Since Katrina, New Orleans’ tragic beauty attitude has added a third facet: hip. New restaurants dot the city. New bars have sprouted in areas not known for nonviolent nightlife. And transplants from every state have reinvented themselves in New Orleans, helping drive renewal in the process.
If you visit, you will notice one thing New Orleans does better than many other cities: neighborhoods. I was fascinated by them for their diversity and vibrancy.
The French Quarter satisfies typical tourist urges. Photo opportunities, street bands, funky shops, and the famous beignets of Cafe du Monde. Bars are inherent, tucked into every last corner. All this within a walkable square mile or so. Venture off of Bourbon Street though, and you can find some fabulous retail (Nadine Blake) and culinary (Sylvain) secrets too.

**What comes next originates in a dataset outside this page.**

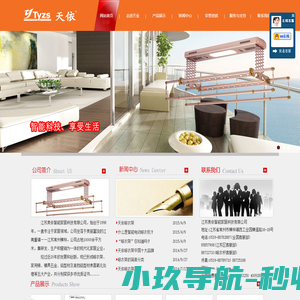 晾衣架,升降晾衣架,天依晾衣架,江苏美依智能家居科技有限公司,0519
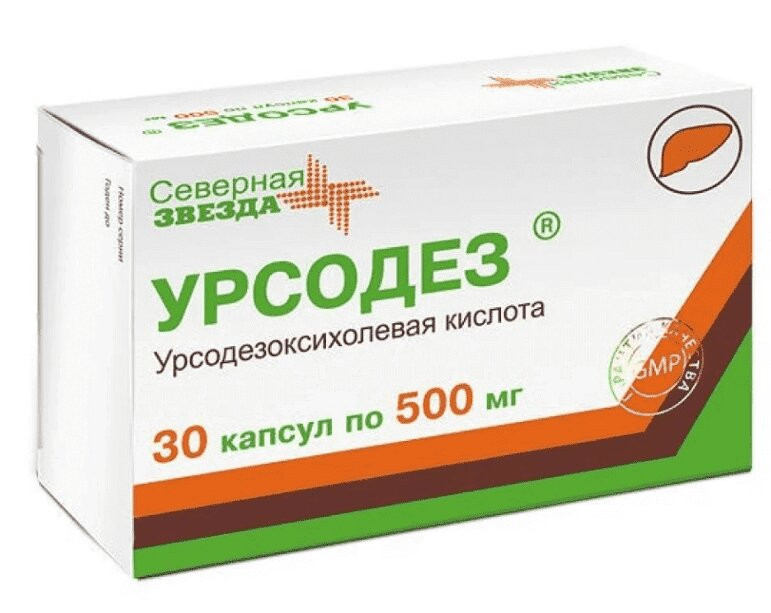 Урсодез 500 мг капсулы 30 шт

Head out to the Garden District to see some of the grandest and most tasteful mansions in the world. Money is spent far and wide in New Orleans, but rarely in the way the Nouveau do elsewhere. Most streets extend out from Downtown, following the bends of the Mississippi River: St. Charles Street hosts the historic streetcar line in its grassy median, and Magazine Street connects many of the city’s most desirable areas for young people, like the Lower Garden District, Central City, Irish Channel, and Uptown. I found the gorgeous, impeccably curated Box Paper Scissor on Magazine. $80 later…I was in locale lust.
Uptown, East Carrollton, and the areas around Audubon Park are probably the prettiest and youngest parts of the city (in terms of people and spirit). Highly treed, with lots of friendly restaurants and neighborhood bars (Phillips on Maple), restored homes and apartment blocks, and as much youthful energy as you can get from two highly rated universities (Tulane & Loyola), right off the streetcar line.
On the other hand, the Bywater, southeast of the CBD, is the Brooklyn of New Orleans. It is less homogenous, with a recent influx of hipsters, yogis, and homebuyers seeking affordability and authenticity amid working class residents. Art galleries, tapas restaurants (Maurepas), and charming bars (Bacchanal) have opened in the area…making it a destination for the city’s residents and visitors, and a bit more livable for the existing neighbors.
If you’re gay and visiting the city, you may be pleasantly surprised by how LGBT friendly it is. In a state famous for its conservative leadership and for being a full card-carrying member of the bible belt, the city is a liberal island of progressivity and laissez-faire. This attitude extends to its alcohol policy. There isn’t one! Nearly everywhere allows open containers (no glass in the French Quarter please), and most places will give you a to-go cup if you’re headed to the next bar.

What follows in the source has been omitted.